The simple question “How well are we performing?” can quickly become a subject of much debate. Business leaders who define rigid targets risk passing judgment on decisions and managers that don’t adequately reflect the reality at street level. Those who make generous allowances, on the other hand, fail to adequately instill accountability within their organizations. Defining success and failure is notoriously difficult, and trying to quantify and qualify it within dynamic organizations isn’t any easier.

Financial ratios provide a good starting point for defining performance metrics, though, because they generally incorporate broad swaths of data into a single, easily understood metric. Certain ratios bring the realities of enterprise performance into stark relief, and benchmarking how those ratios change from month to month makes performance measures explicit and easily discernible, both the good and the bad.

Leveraging Financial Ratios for Sustained Success

There are dozens, potentially even hundreds of different ratios to track, each with a unique insight to offer. To avoid the consequences of analysis paralysis, decision-makers should focus on the financial ratios that provide the clearest, most comprehensive summaries of financial strength and business performance. Here are a few potential starting points:

Liquidity measures an organization’s ability to meet its current debt obligations. Your business may be running smoothly, and your product might be selling like hotcakes, but if you can’t keep up with your loan payments, then sooner or later your business will hit the wall. The most common financial metrics associated with liquidity are the current ratio and quick ratio. Both measure the ratio of current assets to current liabilities. In other words, if all of your debts were to come due suddenly, would you be able to pay?

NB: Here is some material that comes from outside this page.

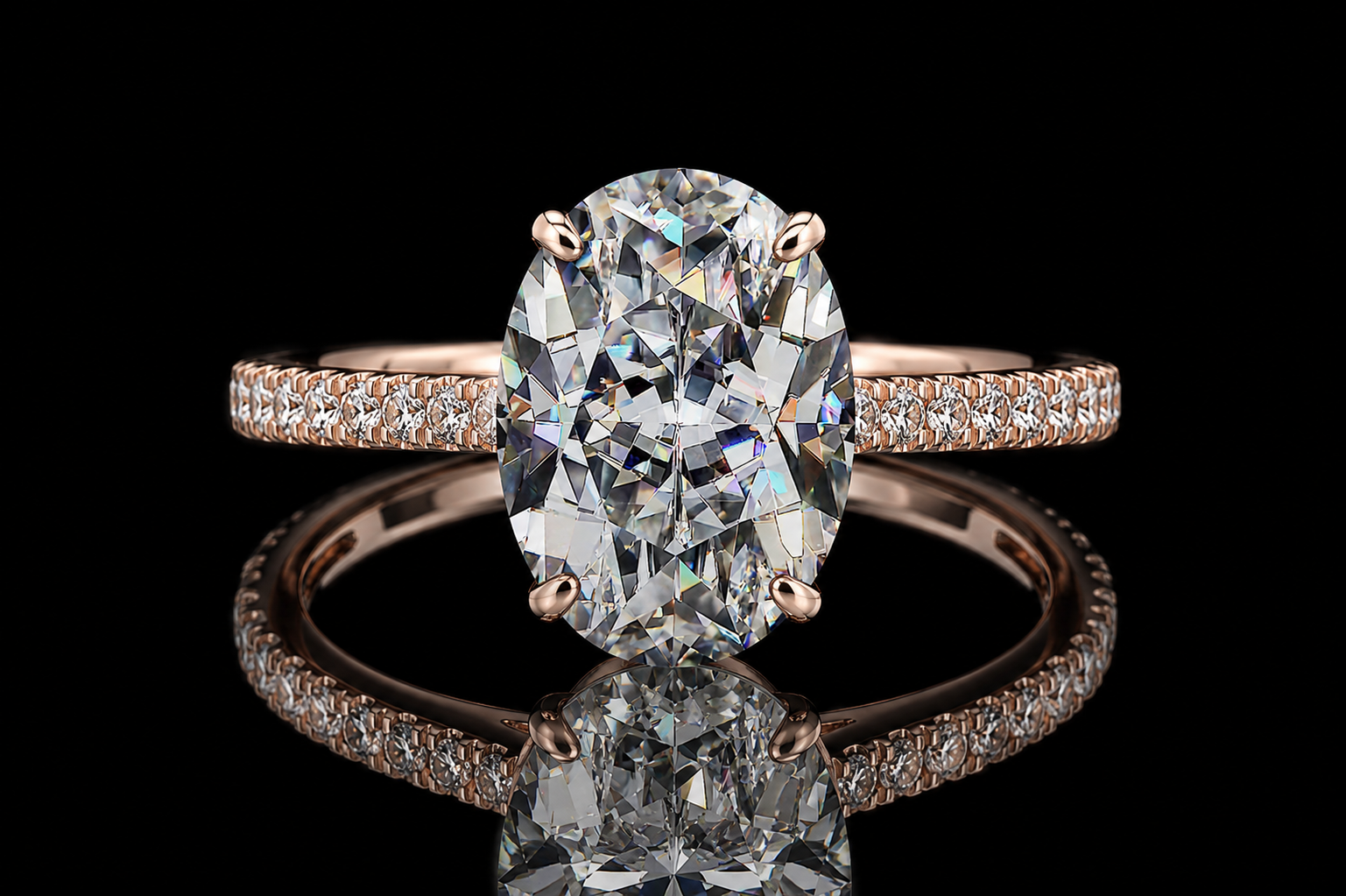 Oval Diamond Hidden Halo Pavé Engagement Ring (eng050)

The primary difference between the two measures has to do with the timeframe they address. The current ratio includes any assets that you can convert to cash within a year, whereas the quick ratio focuses on the very near term. It excludes inventory and only looks at assets that you can convert to cash within 90 days. An ideal current ratio is around two. The ideal quick ratio is one or slightly higher.

Common measures of profitability include return on equity and gross profit margin. Return on equity (ROE) assesses the efficiency at which shareholders’ equity is being used. It is an extremely important metric for CFOs and investors, who use ROE to assess the financial performance of an organization relative to its peers within the same industry.

Gross profit margin measures the margin as a percentage of total sales. In other words, it subtracts the cost of goods sold (COGS) from gross sales revenue, then divides the result by gross sales revenue. Operating margin takes a somewhat broader view of the business by including all operating expenses in the margin calculation. To determine the operating margin, divide operating income by total revenue. In this case, you subtract all operating expenses from the numerator, rather than just COGS.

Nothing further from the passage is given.